The Museum of London

This museum specifically showcases the history of London.  It has a wealth of information and exhibits, which I found fascinating.  Just outside, a section of the old London Wall still stands.  This original defensive wall was built by the Romans around then Londinium.  However, it was subsequently maintained until the eighteenth century.  Imagine being part of an age where the threat of invasion required a wall to safeguard the city?!

London Wall
The crumbling remains of the old London Wall

Harrods Department Store

Built in 1849, Harrods has everything you could possible need! It’s hard to believe that this huge, multi-storied building began as a single roomed shop.  Needless to say, the business expanded rapidly and by 1880, it was a thriving department store, employing 100 people.   Not only this, it was the site of England’s first ‘moving staircase’ (escalator) in 1898!  These days, it has 330 departments.

Harrods Department Store

The West End

The West End of London is known all around the world for its theatre. I splashed out on three shows here – it had been a dream of mine for some time to see musicals in the West End, so I had to make the most of it!  I ended up seeing ‘The Lion King,’ ‘Chicago’ and ‘Rock of Ages,’ in unique historic theatres.  The quality of the musicals were outstanding.  London has a rich history of live performance, so it is well-worth experiencing a show first hand.

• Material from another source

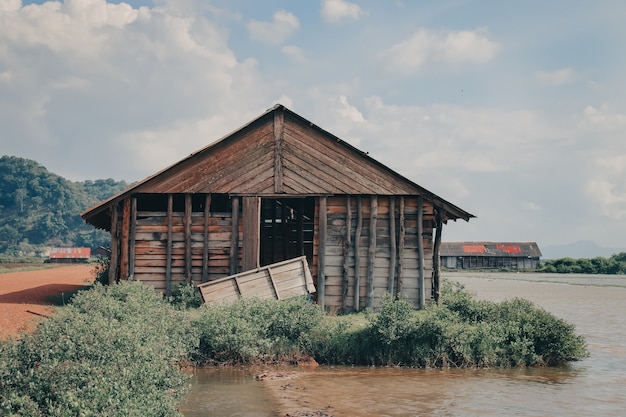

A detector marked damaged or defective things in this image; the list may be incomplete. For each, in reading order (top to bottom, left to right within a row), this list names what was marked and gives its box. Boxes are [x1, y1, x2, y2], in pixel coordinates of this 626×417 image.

rusted metal sheet [197, 255, 314, 304]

The Lyceum Theatre, showing ‘The Lion King.’

The Globe Theatre

If you are a Shakespeare enthusiast, you will no doubt end up at the reconstruction of the Globe Theatre.  Whilst it is not the original building, guided tours bring this venue back to life and you can imagine what it would have been like back in the day, when Shakespeare’s plays were as popular as cinema is today.

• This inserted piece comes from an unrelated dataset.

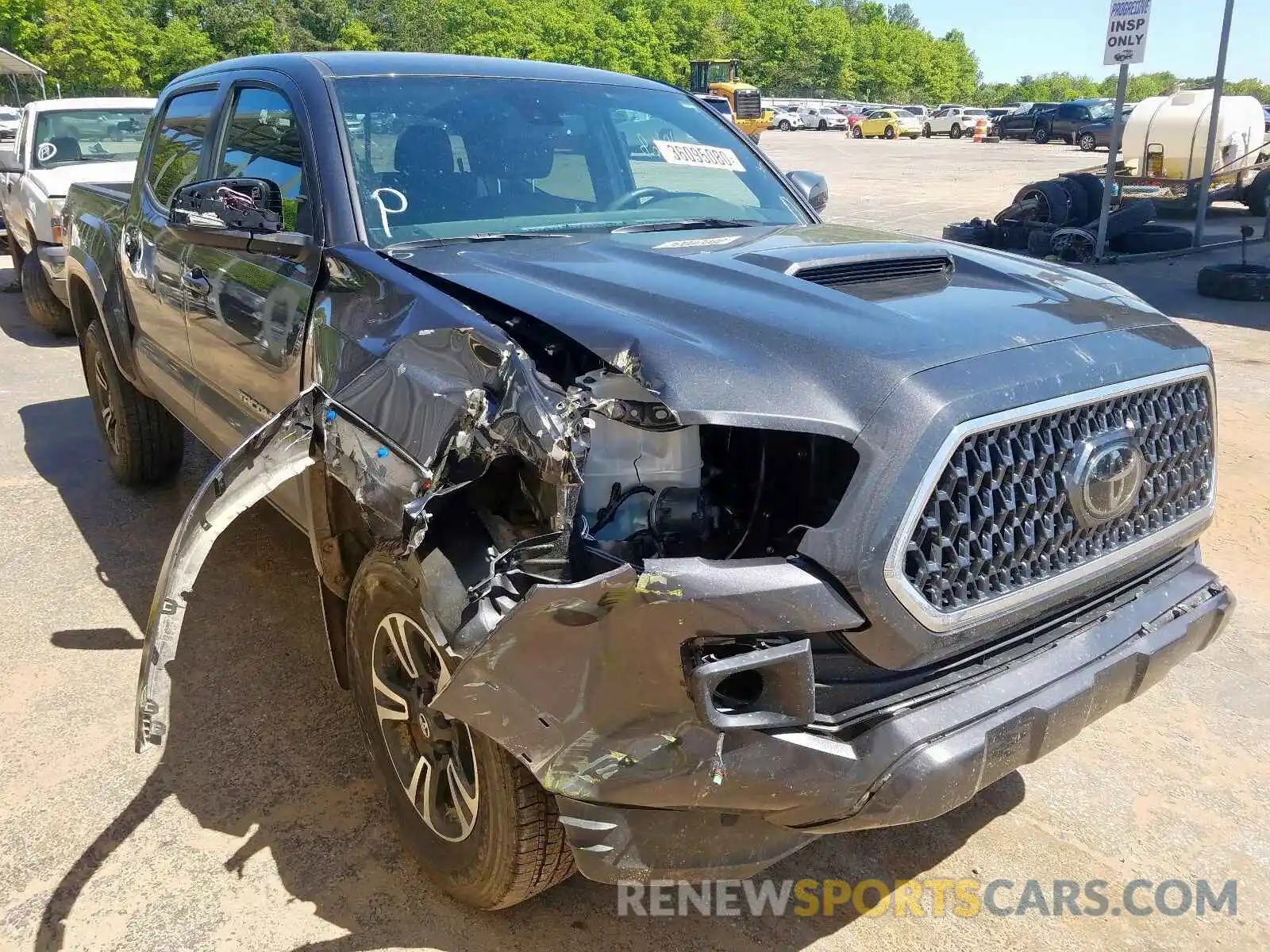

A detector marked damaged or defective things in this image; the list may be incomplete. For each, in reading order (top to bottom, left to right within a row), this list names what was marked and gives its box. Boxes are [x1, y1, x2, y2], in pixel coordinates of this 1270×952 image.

bent bumper [540, 559, 1232, 882]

The interior of the reconstructed Globe Theatre

The London Eye

Whilst I didn’t actually take a ride on this ferris wheel (it is rather overpriced), it has become an iconic landmark, as it can be seen from lots of places around the city.  I’m sure the views would be spectacular from the top – maybe next time!

London Eye
The London Eye

Public Transport

Black taxis and the red double-decker buses are common in London.  I spent lots of days travelling on the top deck of the bus, enjoying the sites from the window.  However, I would avoid the taxis, mainly because London traffic can be really heavy and you might just find the meter going above and beyond what you expected to pay!  Besides, travelling with public transport has its benefits, particularly being able to recognise all the stops from the Monopoly board.  Oxford Street, Park Lane and Piccadilly actually exist!

Black taxis
The black taxi cabs and red buses

Old Pubs

A trip to London would not be complete without a visit to some historic pubs.  The George was one such pub, so old that the floors weren’t level anymore.  There were also a great many pubs that were situated in cellars, so you had to walk down narrow stair cases underground to get to them.  Try an English pint of beer, or if you prefer, a fruity cider- a much better range than you get here in Australia.

The George Pub

There are so many places to visit – as a lover of history, theatre and arts, these were my top picks.  However, I did not even get around to mentioning the Westminster Cathedral, Buckingham Palace or the Houses of Parliament.  There is simply too much to see and do here in a short space of time.  If you are going to London, I would recommend picking the best of what you love, not what everyone else recommends.  If you start committing to every suggestion, you simply won’t have enough time.

And if you are lucky enough to be living here for an extended period of time, there are so many possibilities for exploring the rest of the English countryside.  You can literally jump on a train and be anywhere in a few hours.

What are your favourite places in and around London?  I would love to hear about them!

8 thoughts

  1. Lovely post! It brought back so many wonderful memories! I also loved all your interesting details! You will have to visit London again while you are over in Europe.

    Liked by 1 person

      1. It certainly is- I’d love to have unlimited time there to enjoy all the museums to the full, let alone the beautiful parks and gardens, plays and concerts and so much history!